Jayapura: Wakil Gubernur Papua, Aryoko AF Rumaropen, menegaskan komitmen Pemerintah Provinsi Papua dalam memperkuat kolaborasi dengan Universitas Cenderawasih (Uncen) guna meningkatkan mutu dan keberlanjutan pendidikan profesi dokter di Tanah Papua.
"Kita harus menyiapkan anak-anak Papua sendiri menjadi dokter yang berkualitas. Tidak mungkin kita terus bergantung pada tenaga medis dari luar daerah. Karena itu, seluruh tahapan pendidikan, termasuk penyelesaian administrasi mahasiswa koas, harus dipastikan tuntas dan berjalan optimal," tegas Wagub dalam rapat koordinasi bersama Fakultas Kedokteran Uncen dan manajemen rumah sakit pendidikan di Jayapura, Jumat, 13 Februari 2026.

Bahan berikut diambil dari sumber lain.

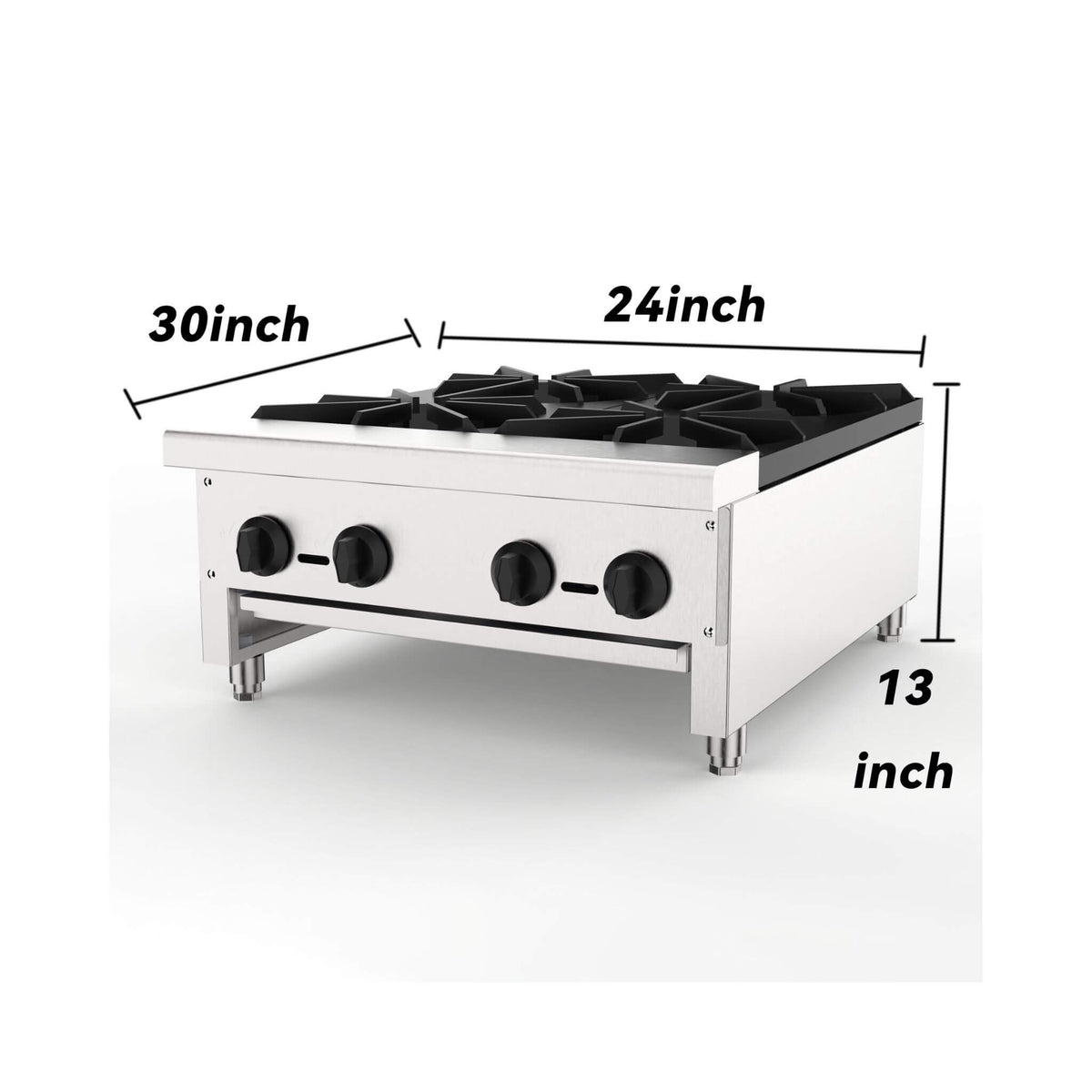 Heavy-Duty Commercial 112K BTU 4-Burner Stainless Steel Gas Stove Hot Plate (SAK39201)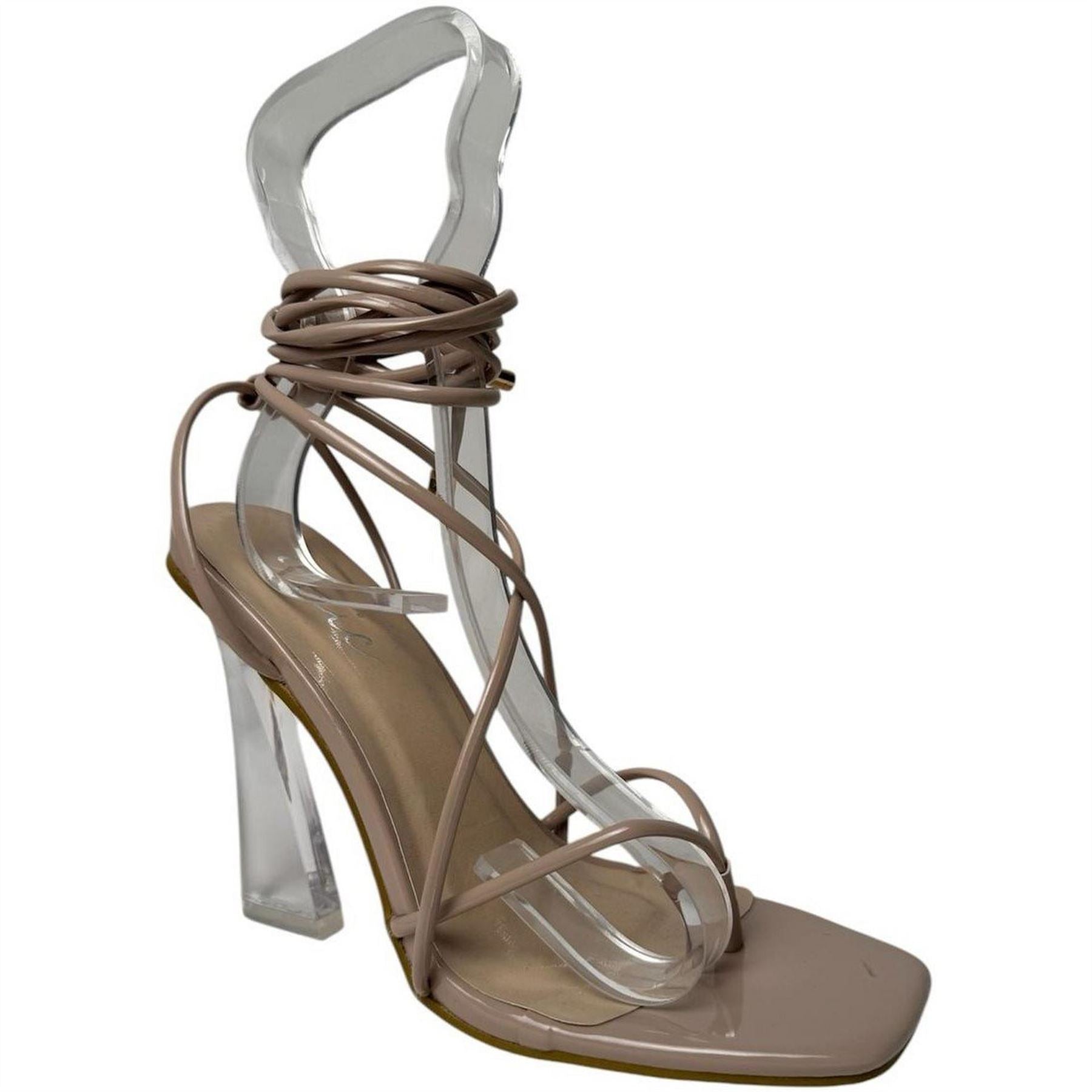 Chic High Heel Block Toe Post Sandals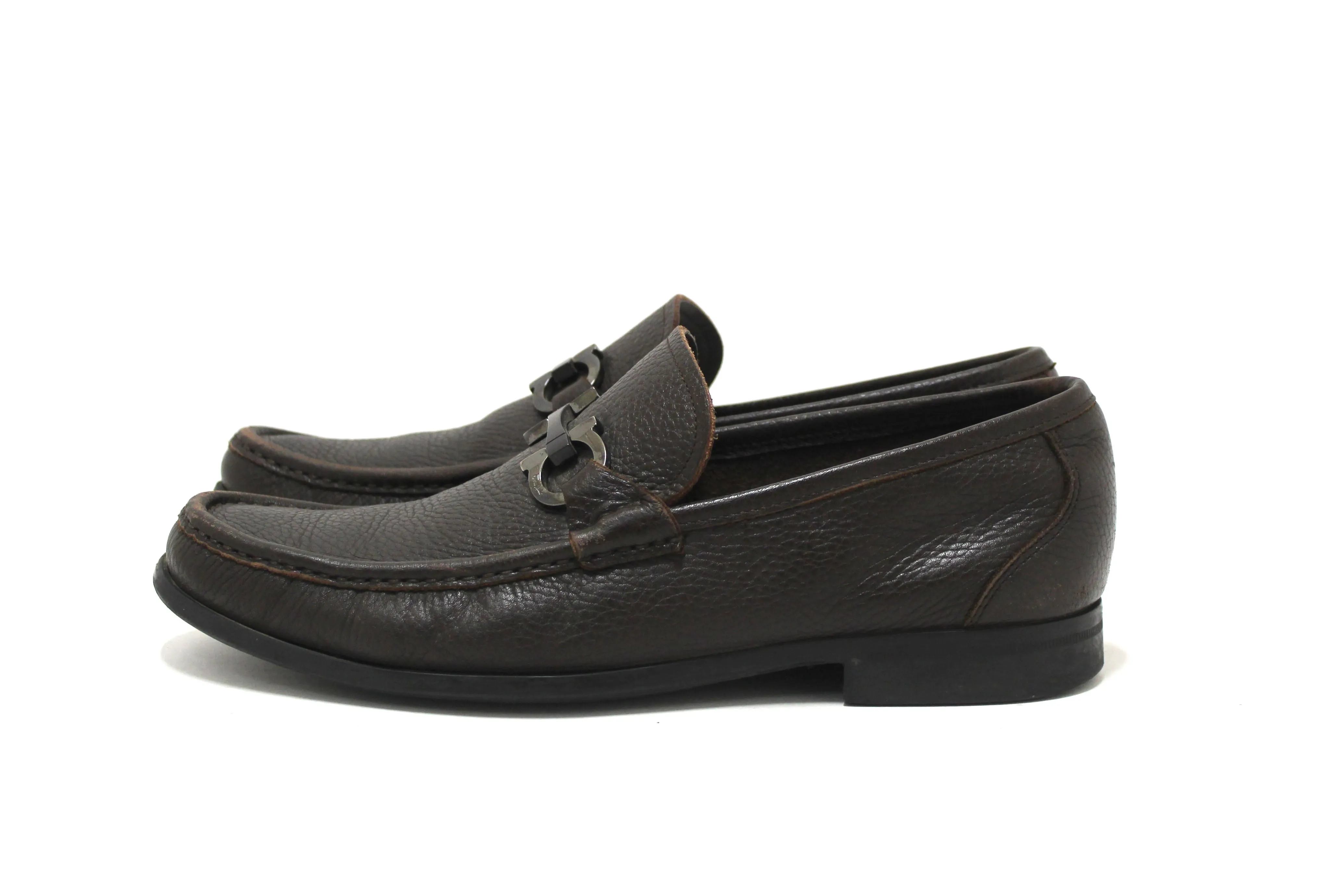 Salvatore Ferragamo Men's Brown Grandioso Calf Leather Loafer Dress Shoes size 8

Wagub juga menekankan pentingnya peran dokter senior dan akademisi dalam mendampingi para dokter muda Papua guna mewujudkan kemandirian pelayanan kesehatan berbasis putra-putri daerah.
Kolaborasi antara Pemprov Papua dan Uncen menjadi langkah strategis mengingat Fakultas Kedokteran Uncen sejak berdiri hingga tahun 2026 telah menghasilkan 1.393 dokter umum. Pada tahun 2025, Uncen meluluskan 177 dokter umum dengan 134 di antaranya merupakan putra-putri Orang Asli Papua (OAP). Sementara pada awal tahun 2026, sebanyak 83 dokter baru dilantik, dengan 43 orang berasal dari OAP.
Dalam skema kerja sama baru, RS Dok II Jayapura tetap berperan sebagai rumah sakit pendidikan utama yang difokuskan pada pengembangan program pascasarjana dan spesialis, sementara RS Abepura ditetapkan sebagai pusat penyelenggaraan pendidikan profesi dokter (koas) dengan kurikulum baru.
Kebijakan penataan peran rumah sakit pendidikan ini merupakan respons terhadap dinamika yang berkembang. Sebelumnya, Komite Koordinasi Pendidikan RSUD Jayapura menyampaikan aspirasi ke Majelis Rakyat Papua terkait pengalihan pendidikan profesi dokter FK Uncen dari RSUD Dok II ke RSUD Abepura. Selama hampir 20 tahun, pendidikan profesi dokter FK Uncen berlangsung di RSUD Dok II dengan dukungan 66 dokter spesialis dan subspesialis sebagai pembimbing.
Sebagai langkah konkret, Pemprov Papua dan Uncen akan meluncurkan program pendidikan dokter spesialis anestesi pada 27 Februari 2026, yang akan diresmikan langsung oleh Gubernur Papua bersama Rektor Uncen. Program ini menjadi program pendidikan dokter spesialis berbasis universitas (university-based) pertama di Tanah Papua .
Program spesialis anestesi dinilai strategis mengingat kebutuhan layanan bedah dan penanganan kasus kegawatdaruratan di Papua yang terus meningkat. Papua selama ini mengalami kekurangan dokter spesialis anestesi yang serius, sehingga rumah sakit sering mengandalkan tenaga dari luar daerah atau menunda operasi penting karena keterbatasan dukungan anestesi.
Sementara itu, Dekan Fakultas Kedokteran Uncen, Inneke Viviane Sumolang, menyatakan kesiapan pihaknya untuk terus meningkatkan kualitas pendidikan kedokteran melalui penguatan peran rumah sakit mitra dan pengembangan program spesialis.
"Ini bukan akhir perjalanan, melainkan awal untuk mengamalkan ilmu dan nilai-nilai kemanusiaan dalam pengabdian kepada masyarakat," tutupnya.